Teknoloji devi T-Mobile, bu yıl aldığı bazı radikal kararlarla müşterilerin tepkisini çekmeye devam ediyor. Şirket, bazı eski tarife planlarına zam yapmanın yanı sıra, fiziksel mağazalara olan bağımlılığı azaltmak için T-Life uygulamasının kullanımını sürekli teşvik ediyor. Bu değişimler zaten yeterince sert olarak algılanırken, bir iç kaynaktan sızan bilgilere göre şirketin gelecekteki planları daha da dikkat çekici. Yeni stratejilerde otomasyon ve dijital odaklılığın ön plana çıktığı ve bu durumun birçok müşteri için pek de iç açıcı bir gelecek vaat etmediği belirtiliyor.

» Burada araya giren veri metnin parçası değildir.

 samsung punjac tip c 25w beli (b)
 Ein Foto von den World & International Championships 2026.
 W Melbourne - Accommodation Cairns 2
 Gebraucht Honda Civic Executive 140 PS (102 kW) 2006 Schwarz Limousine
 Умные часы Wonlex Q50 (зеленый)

T-Mobile Dijitalde Tam Yol İlerlerken Müşteriler İnsan Dokunuşunu Kaybetme Riskiyle Karşı Karşıya
T-Mobile, bir süredir müşterilerini kendi kendine yeterli hale getirmeye yönelik adımlar atsa da, T-Life uygulamasının sürekli teşvik edilmesi hem çalışanlar üzerinde baskı oluşturuyor hem de kullanıcıları sürekli yönlendirme çabasıyla hayal kırıklığına uğratıyor. Bu durum, birçok müşterinin başka bir operatöre geçmeyi düşünmesine neden oluyor. Bir T-Mobile temsilcisinin, şirketin müşterileri risk altına sokabilecek cesur dijital gelecek planları hakkında detayları paylaştığı bildiriliyor.

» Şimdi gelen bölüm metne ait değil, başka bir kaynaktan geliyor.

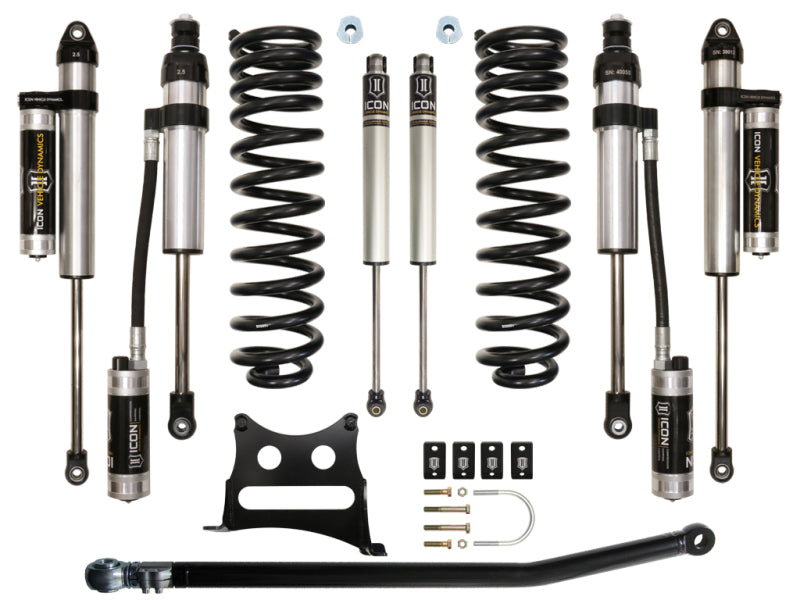 2005-2016 Super Duty 2.5 Stage 5 Suspension System | Dirty Garage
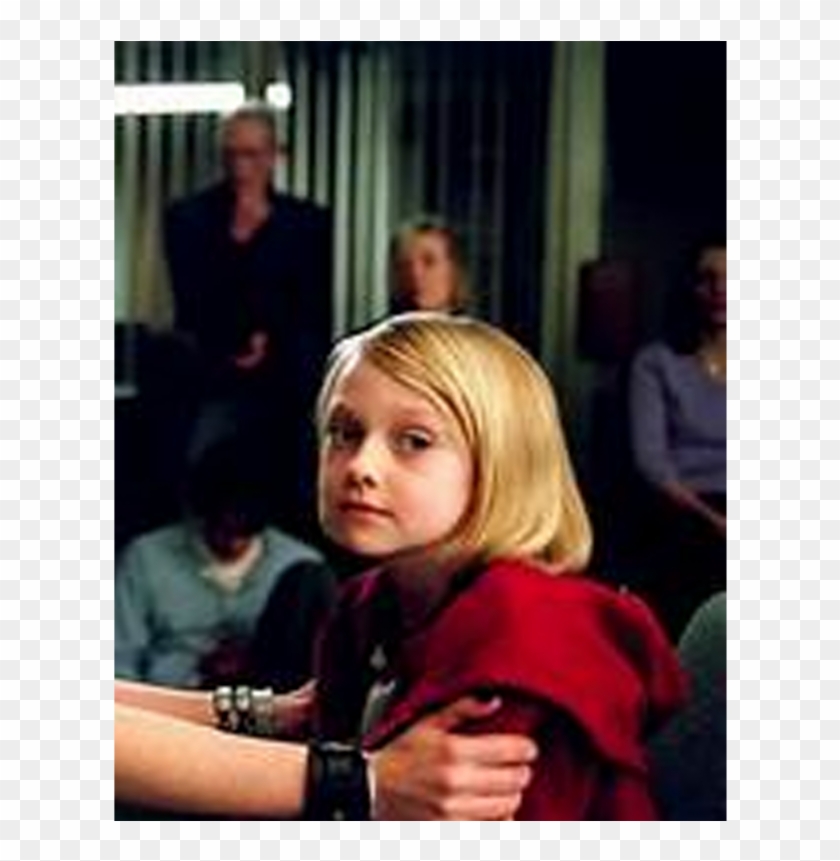 Dakota-fanning - Old Child Stars Clipart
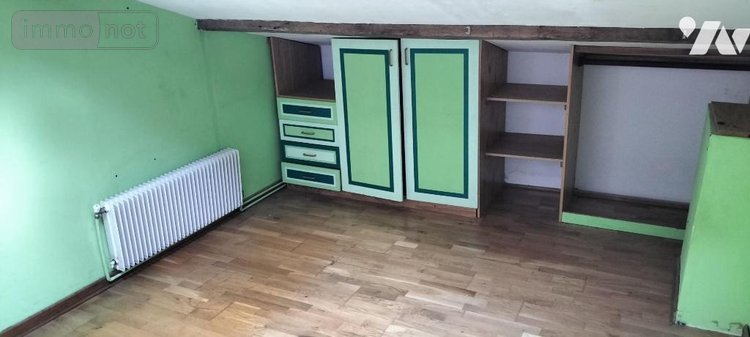 Maison a vendre Aigondigné 79370 Deux-Sèvres 113 m2 6 pièces 85500 euros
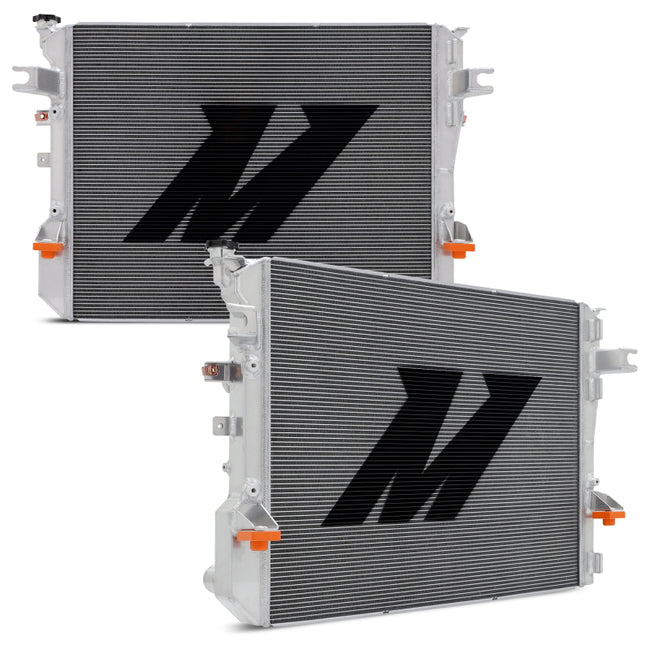 Mishimoto 2009+ Ram 1500 4.7L/5.7L V8 Performance Aluminum Radiator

İç kaynağa göre, T-Mobile gelecek yıldan itibaren T-Life uygulamasının tam kullanımını zorunlu hale getirmeyi planlıyor. Bu, hizmetle ilgili her türlü işlemin, müşteri desteği, faturalandırma, ek tarifeler ve operatörle ilgili hemen her şeyin uygulama üzerinden yapılması gerektiği anlamına geliyor. Bu iddialı duruş, insan etkileşiminin nadir hale gelmesi ve birçok müşteri için deneyimin zayıflaması anlamına gelebilir.

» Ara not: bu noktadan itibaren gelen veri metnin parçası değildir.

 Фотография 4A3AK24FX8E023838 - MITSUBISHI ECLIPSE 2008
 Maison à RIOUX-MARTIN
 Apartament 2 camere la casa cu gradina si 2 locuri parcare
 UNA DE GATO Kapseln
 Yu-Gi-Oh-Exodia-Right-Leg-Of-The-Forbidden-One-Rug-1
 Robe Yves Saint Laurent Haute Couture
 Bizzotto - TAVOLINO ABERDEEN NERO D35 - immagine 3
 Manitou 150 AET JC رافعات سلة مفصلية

Dahası, T-Mobile'ın önümüzdeki birkaç yıl içinde fiziksel mağazalarının çoğunu kapatma planlarının olduğu ve şirketin tamamen dijital bir modele geçiş yapacağı iddia ediliyor. Çalışanlar, şirketin dijital geleceğinin en ağır yükünü taşıyor ve müşterileri T-Life kullanmaya yönlendirmek için katı ve ulaşılması zor kotalarla karşı karşıya kalıyorlar. Bu kotaları karşılayamayanlar ise resmi uyarılarla yüzleşmek zorunda kalıyor. Hatta bu kotaları başarmak için yanıltıcı ifadelerin kullanılmasına bile teşvik edildiği söyleniyor. Şirketin şüpheli satış uygulamalarının ilk kez gündeme gelmesi değil, ancak son dönemdeki bu yoğun baskı ile şeffaflık ve müşteri odaklı politikalar üzerine inşa ettiği kimliğini riske attığı görülüyor.
Telekom sektöründe dijital otomasyon trendi giderek yaygınlaşırken, yüz yüze etkileşimlere değer veren ve büyük değişiklikler nedeniyle yabancılaşabilecek müşterileri kaybetme riski de büyük. Kota dayatmaları ve yanıltıcı uygulamalar aynı zamanda güveni zedeliyor ki bu güveni yeniden inşa etmek oldukça zor. T-Mobile, uygulama tabanlı kolaylığın, gelecekte şirketin karşılaşabileceği maliyetlere değip değmeyeceğini değerlendirmeli.